I’m horrible at buying gifts for people. Like, horrid. I’d rather write you a cheque than have to drive to a specialty store, walk in, ask an anxious question, and be sold on some junky toy on the top corner of the shelf.

The act of gift giving is also extremely awkward. There’s the part where you buy said gift and then wrap said gift, both of which require lots of preparation and precision. More importantly are those moments immediately following the act of giving — you hope your gift is neither over-the-top nor dropping-the-ball, and you can usually judge the effectiveness of your gift by looking at the person sitting beside the recipient. The look on that person’s face will tell you if you’ve succeeded or if you’ve just made a fool of yourself.

I don’t like gift-giving. Plain and simple. I’d like to buy you dinner instead.

I have a friend who told me Christmas guides sort of feel like an author’s request — rather than recommendation — for special gifts at Christmas time. I’d never looked at it that way, but I suppose I can understand an element of the thought.

I promise though, I come to you today with a genuine helping hand.

Here are five items which I own personally, used extensively, and can recommend wholeheartedly to all the hopeless gift givers out there. One is just odd enough to get a high-five, while another is a can’t-lose method to celebrate at dinner time.

1. Bellroy Note Sleeve

This is my favourite wallet in existence and is very unlikely to be uprooted from my daily carry. I previously reviewed the Note Sleeve on Tools & Toys a few months ago, so you can head over there for some further thoughts and photos.

In short, the Bellroy Note Sleeve finds a way to hold at least twice as many cards as my old bi-fold wallet and can still fit international currencies and (believe it or not) coins. It comes in a wide range of colours and is made by a superb company.

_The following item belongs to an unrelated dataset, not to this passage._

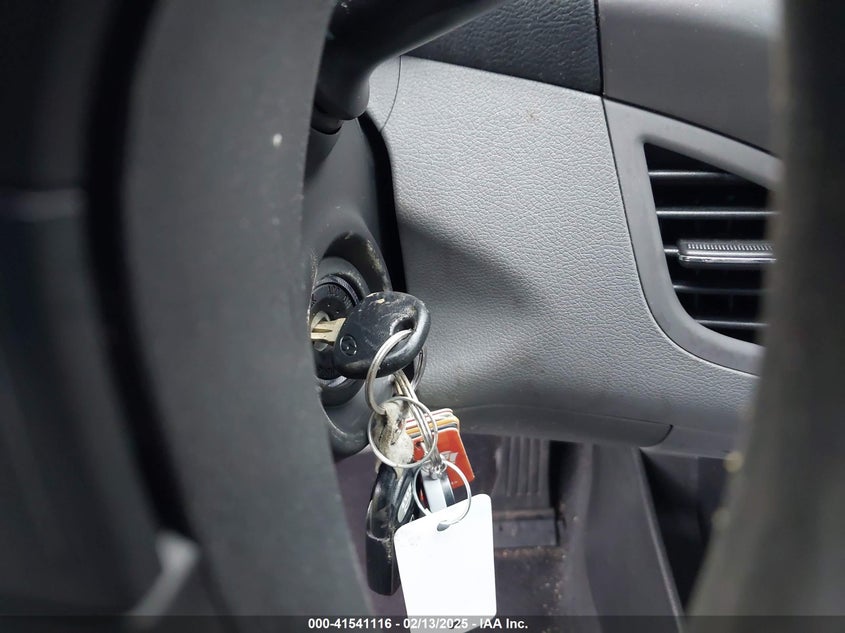 2013 HYUNDAI ELANTRA VIN: KMHDH4AE0DU835215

I can’t recommend this wallet enough.

2. allocacoc/PowerCube ReWirable USB + Plug

(What a name, hey?)

Jaclyn and I purchased this travel adapter for our three week hiatus to Europe. Although the PowerCube is a bit big, it is the perfect travel accessory for those who travel internationally.

The PowerCube comes with four different plugs for adapting to Australian, North American, European, and UK outlets, and also converts between 110-volt and 220-volt outlets. This particular model comes with four North American outlets for charging up to four devices at once, plus two USB Type A ports for charging your iPhone, iPad, or other USB devices. When on our trip, I had my camera, extra battery, GoPro, iPhone, and MacBook all charging at once, with no sign of issues. Sometimes those cheap converters you buy at dollar-store travel shops can’t even handle a single device.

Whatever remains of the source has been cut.